3D printing produces 3-dimensional physical objects from digital templates through a variety of processes. This is normally done under computer control, with materials added together, such as plastic, metal, and others, typically layer by layer. As of 2020, after around 40 years of its initial development, 3D printing has become a more mature technique. 3D printers are now more affordable allowing the public to use 3D printing techniques in normal life. Consumers can easily find a low-cost 3D printer as cheap as a few hundred dollars.
3D Printing and IP Law
Today, there are more prosecutions and litigation over the use of intellectual property protection measures in the context of 3D printing. For example, Patent and Litigation Trends for 3D Printing Technologies published on IPLytics Platform found that the patent applications related to 3D printing continue to rise in the passing years, from around 2,000 in 2007 to over 20,000 in 2019. The good news is that the standard limitations that exist in current IP law can also be applied to 3D printing.
Patent protection, for example, plays a significant role. In the U.S., patents are a government-granted monopoly towards the inventor for a limited period of 20 years. As WIPO’s 2015 World Intellectual Property Report on Breakthrough Innovation and Economic Growth has shown, 3D printing companies are enforcing patents heavily. These include not only specialist 3D printing companies but also major manufacturing companies, such as GE and Siemens. One of the reasons why patent protection is an important strategy over 3D printing is that such protection covers a wide variety of objects, including printers, the components of such printers, the manufacturing processes, and the products. In addition, the industrial 3D printing sector does not solely rely on patent law in its protection strategy. Trade secrets, copyright, and trademark protections also play a role.

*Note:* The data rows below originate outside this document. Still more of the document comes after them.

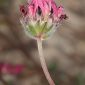Anthyllis vulneraria subsp. microcephala (Willk.) Benedí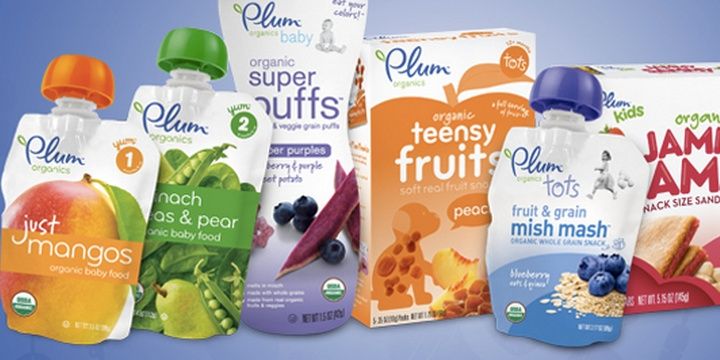 6 Companies for Applicants Who Dream of a Meaningful Job Plum Organics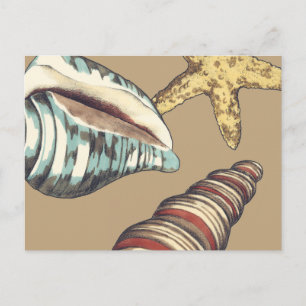 Shell Trio op Khaki Briefkaart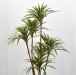 Dracena marginata artificiale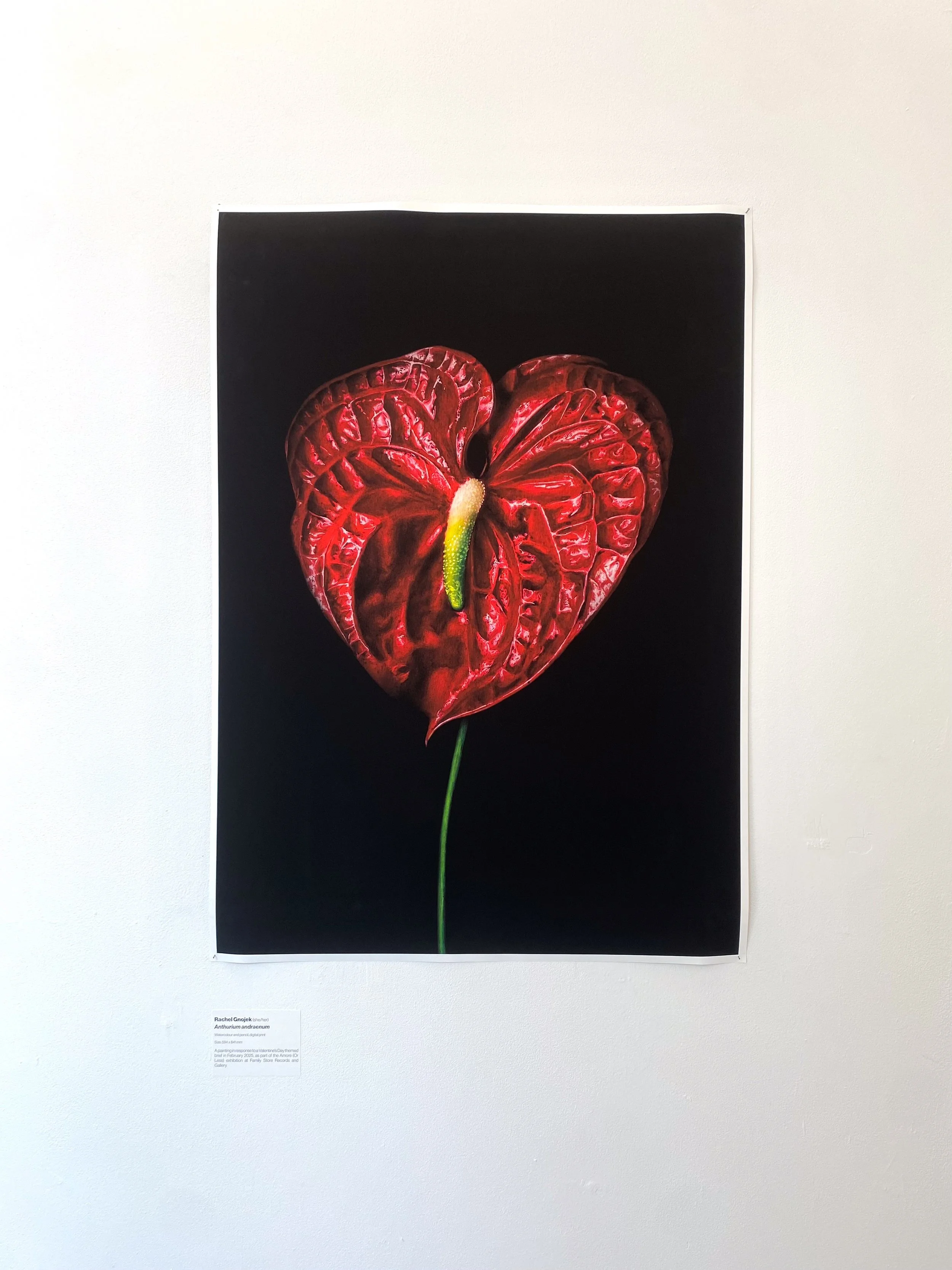 'Anthurium andraenum', printed 594 x 841 mm.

However, there are also questions that courts need to address when it comes to the 3D printing technique. Compared to the industrial sector where the protection is similar to the other manufacturing industries, 3D printing for non-commercial purposes seems to face several new challenges. One question raised by Elsa Malaty and Guilda Rostama published in World Intellectual Property Organization (“WIPO”) Magazine is who would own an object when it is conceived by one individual, digitally modeled by another, and printed by a third individual.
Why does it matter?
With the quality of 3D printing continuing to rise and the price continuing to drop, 3D printing is now more advanced and accessible, so it can be foreseen that 3D printing-related legal protections and disputes will only increase in the future. The challenges and opportunities will come after the earliest patents start to expire. The original owners would need to develop new patentable technologies to maintain those protections. The expiration will also present an opportunity for the Open Source Community.
IP law contributes enormously to national economies. Dozens of industries, including 3D printing, rely on the adequate enforcement of IP. On the other hand, consumers benefit from IP to ensure the quality of the products, such as 3D printers. This is especially important because the availability of low-cost, high-performance 3D printers has put the technology within reach of consumers.
At the same time, IP-related issues are only one legal aspect that 3D printing raises. During the use and application of this technique, other aspects of law will undoubtedly be implicated and will need to be resolved eventually.